▸ Collected data:
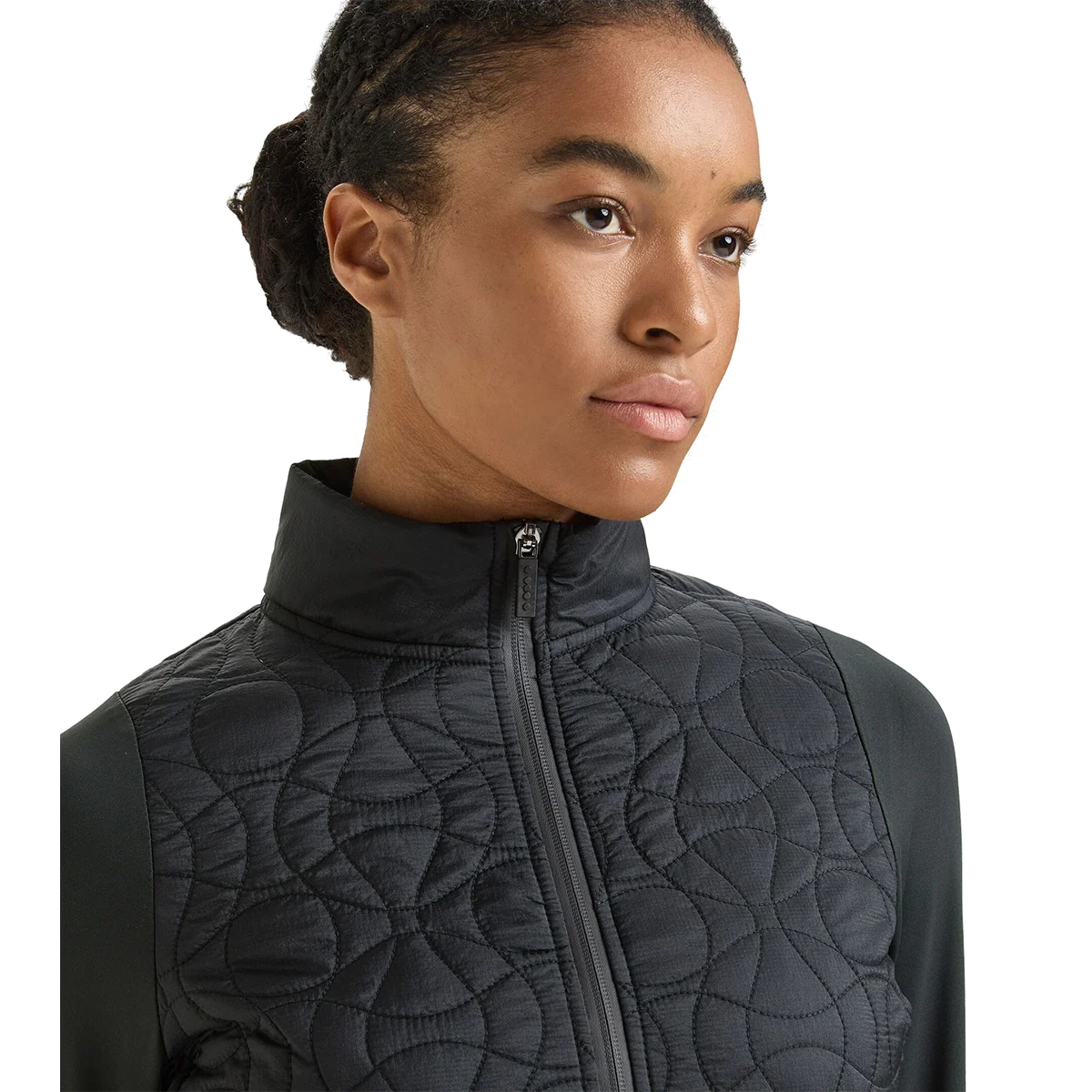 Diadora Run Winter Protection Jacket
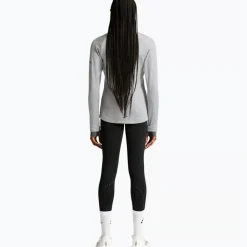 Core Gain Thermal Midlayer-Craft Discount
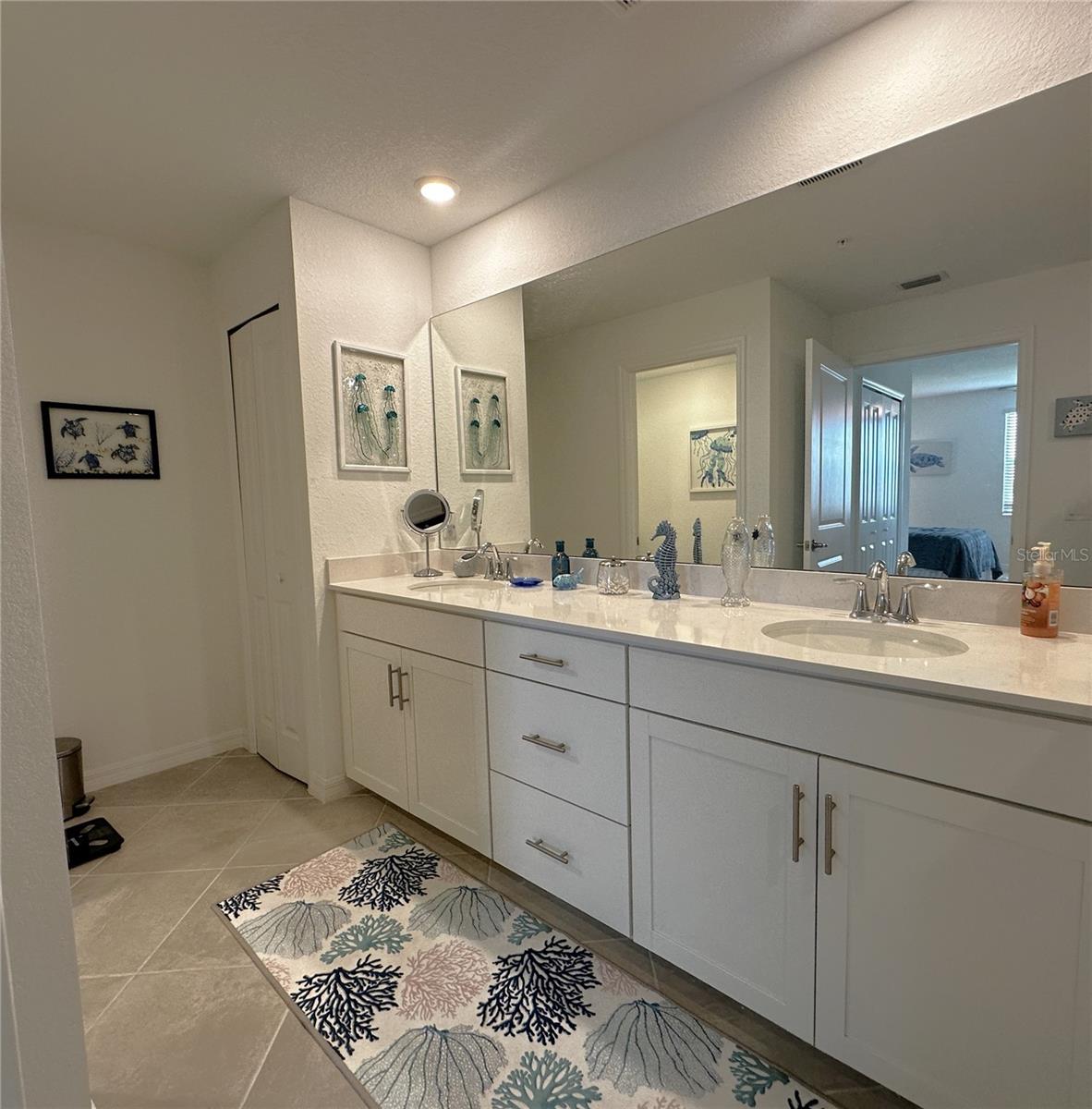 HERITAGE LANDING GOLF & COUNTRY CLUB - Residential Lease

▸ Your task: Begin at the line containing "Core Gain Thermal Midlayer-Craft Discount" and copy every line through the end of the data above exactly, omitting the pictures.

▸ Reply:
 Core Gain Thermal Midlayer-Craft Discount
 HERITAGE LANDING GOLF & COUNTRY CLUB - Residential Lease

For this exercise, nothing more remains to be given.